- [TASK TO CARRY OUT]
Would you retype exactly the lines below, starting with the one that has "Ingredients In This" and going on through the one that has "s Steel and Gold (two tone) White Dial model", with no pictures and nothing else?
——————
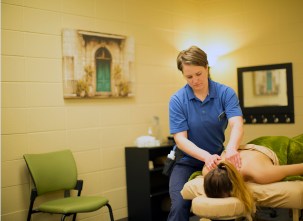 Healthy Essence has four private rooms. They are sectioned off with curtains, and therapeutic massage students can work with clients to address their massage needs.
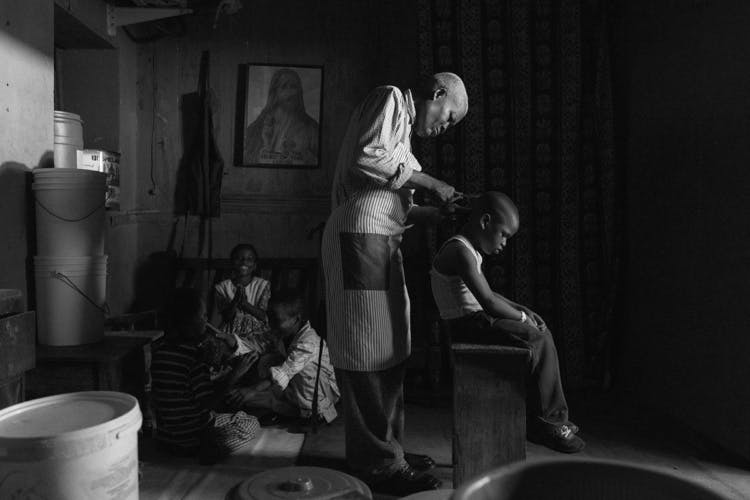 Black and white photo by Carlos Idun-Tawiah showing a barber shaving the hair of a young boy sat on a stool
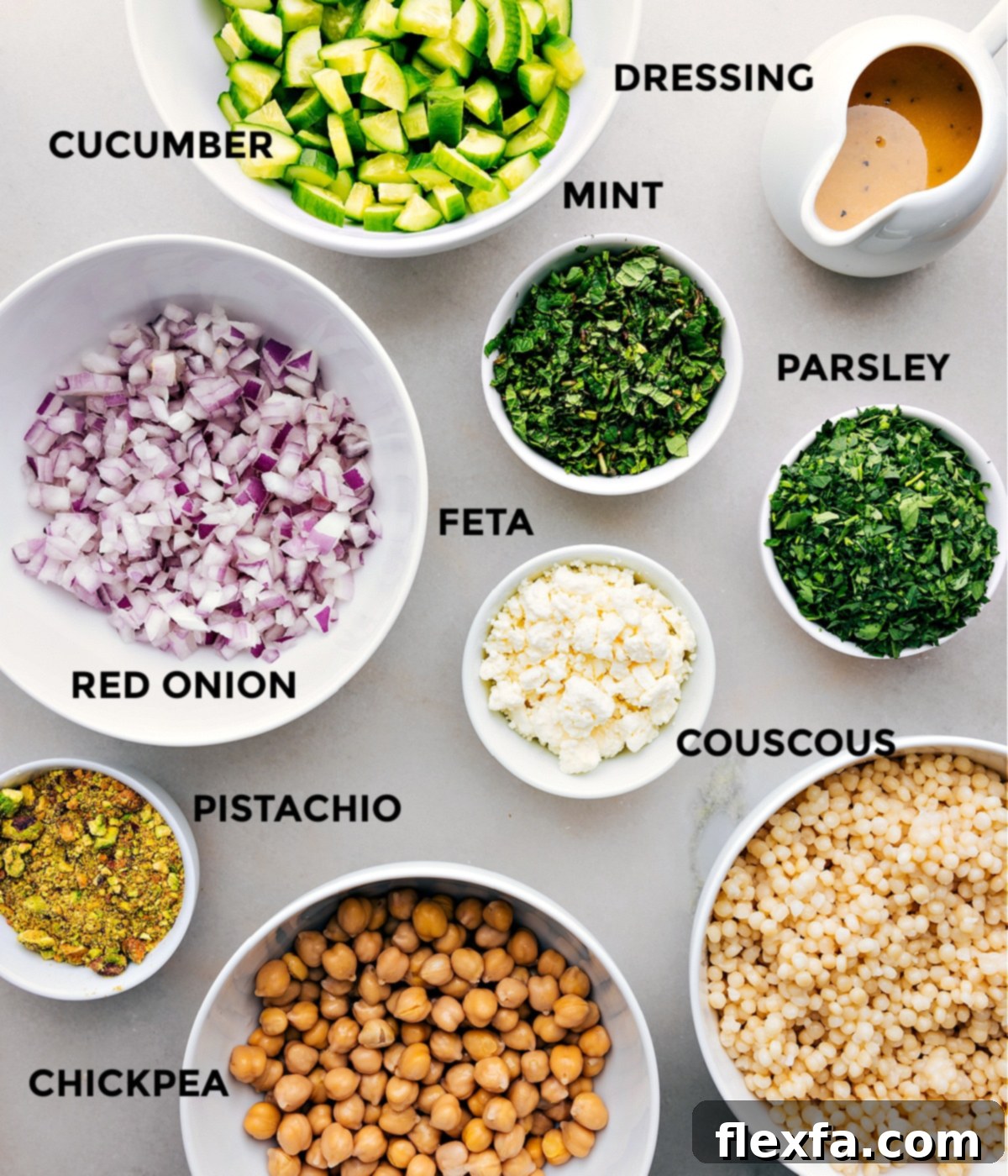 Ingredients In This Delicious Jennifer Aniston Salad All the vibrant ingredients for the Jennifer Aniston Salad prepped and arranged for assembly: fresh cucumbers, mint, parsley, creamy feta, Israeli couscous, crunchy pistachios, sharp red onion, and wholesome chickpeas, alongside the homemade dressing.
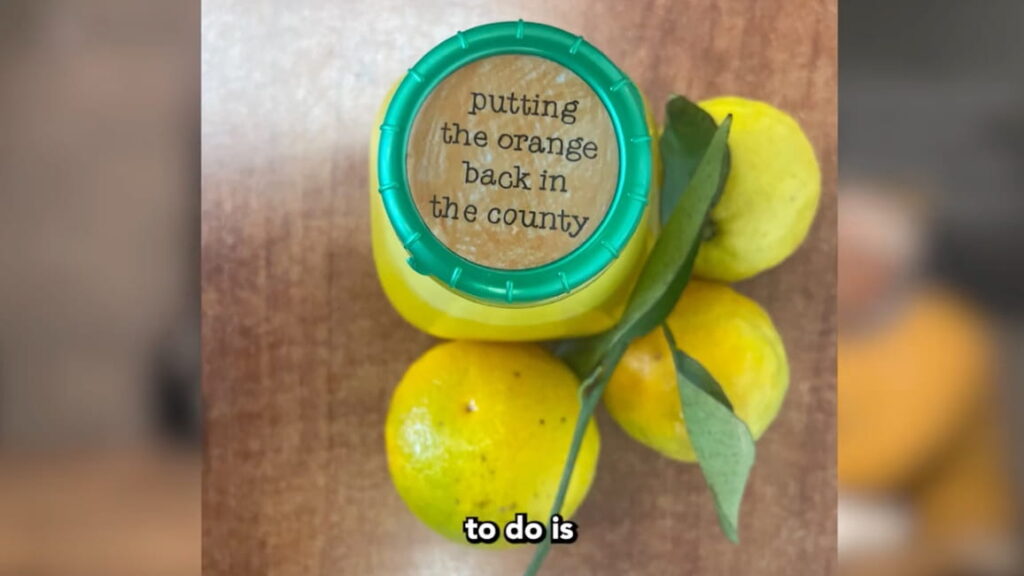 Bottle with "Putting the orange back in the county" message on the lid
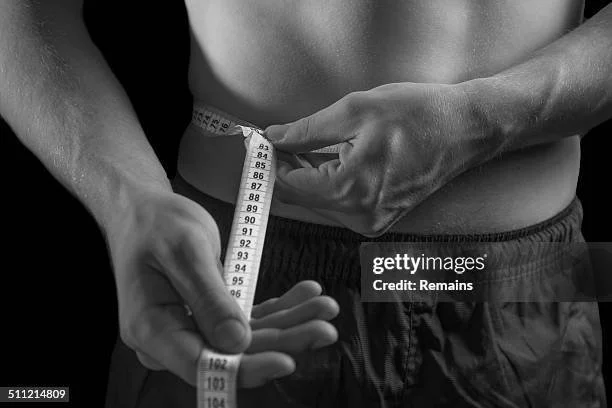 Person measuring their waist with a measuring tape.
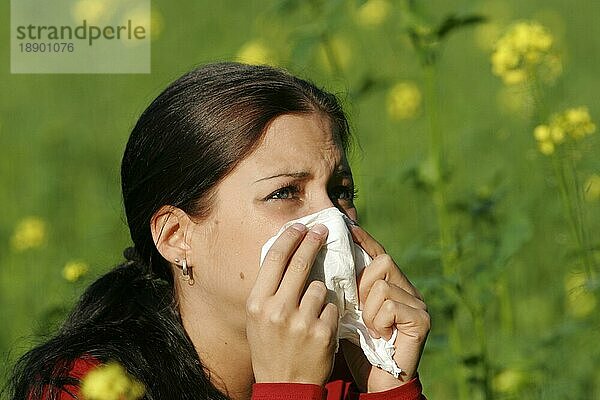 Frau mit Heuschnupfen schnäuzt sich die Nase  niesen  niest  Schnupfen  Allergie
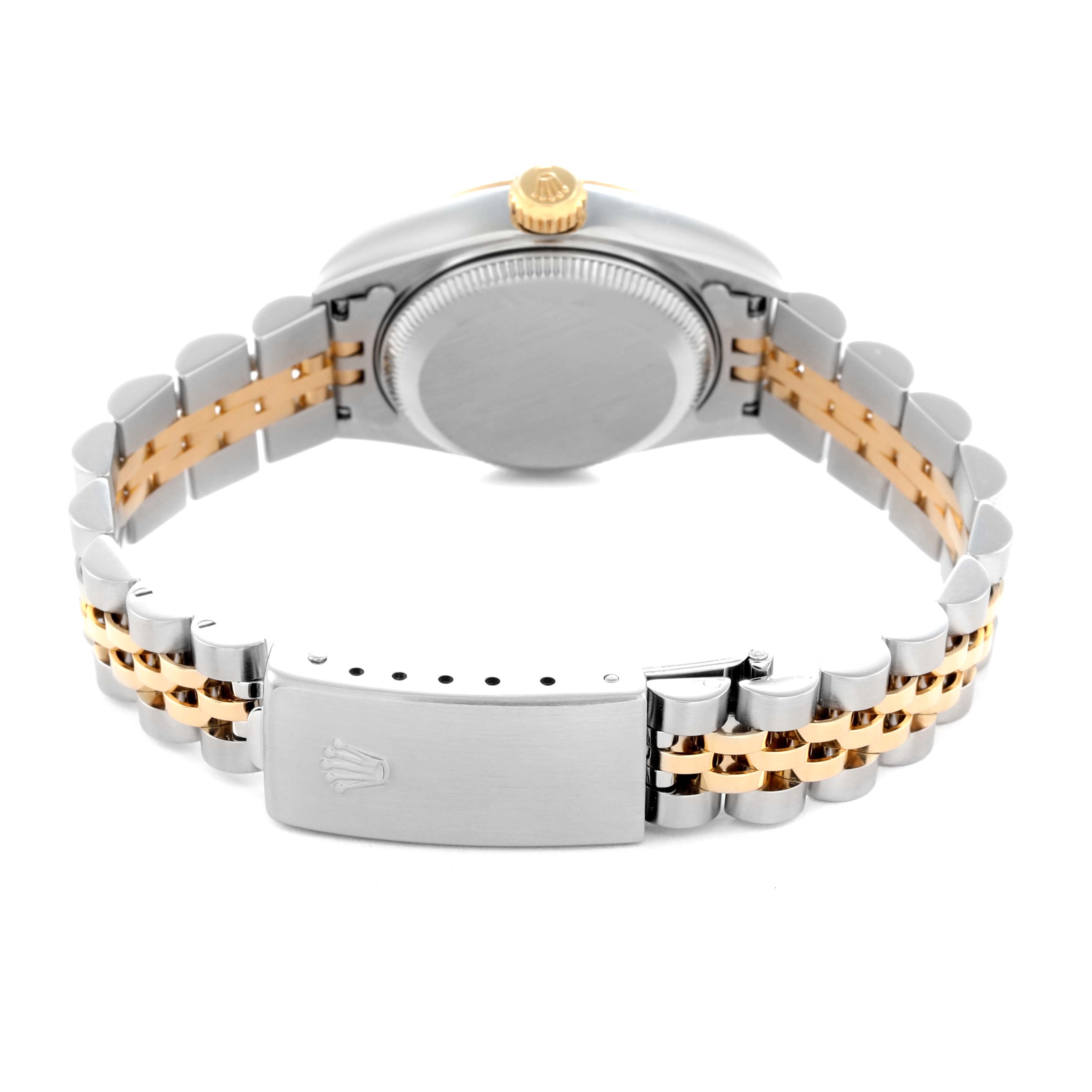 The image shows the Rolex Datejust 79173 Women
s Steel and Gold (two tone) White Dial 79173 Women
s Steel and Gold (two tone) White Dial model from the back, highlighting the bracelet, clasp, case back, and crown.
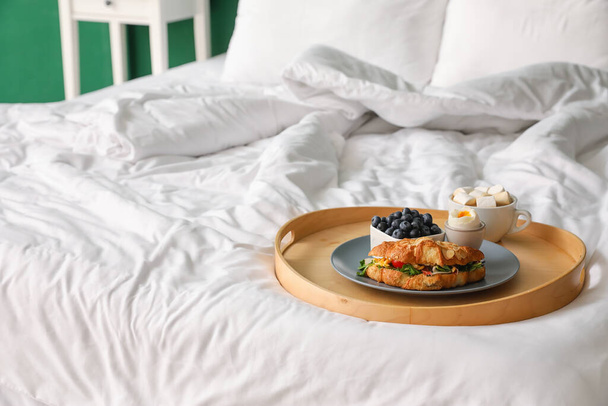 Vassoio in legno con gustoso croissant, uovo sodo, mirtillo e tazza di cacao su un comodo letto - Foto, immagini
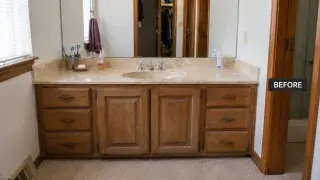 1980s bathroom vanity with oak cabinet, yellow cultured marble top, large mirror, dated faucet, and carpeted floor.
——————
- [TASK RESPONSE]
 Ingredients In This Delicious Jennifer Aniston Salad All the vibrant ingredients for the Jennifer Aniston Salad prepped and arranged for assembly: fresh cucumbers, mint, parsley, creamy feta, Israeli couscous, crunchy pistachios, sharp red onion, and wholesome chickpeas, alongside the homemade dressing.
 Bottle with "Putting the orange back in the county" message on the lid
 Person measuring their waist with a measuring tape.
 Frau mit Heuschnupfen schnäuzt sich die Nase  niesen  niest  Schnupfen  Allergie
 The image shows the Rolex Datejust 79173 Women
s Steel and Gold (two tone) White Dial 79173 Women
s Steel and Gold (two tone) White Dial model from the back, highlighting the bracelet, clasp, case back, and crown.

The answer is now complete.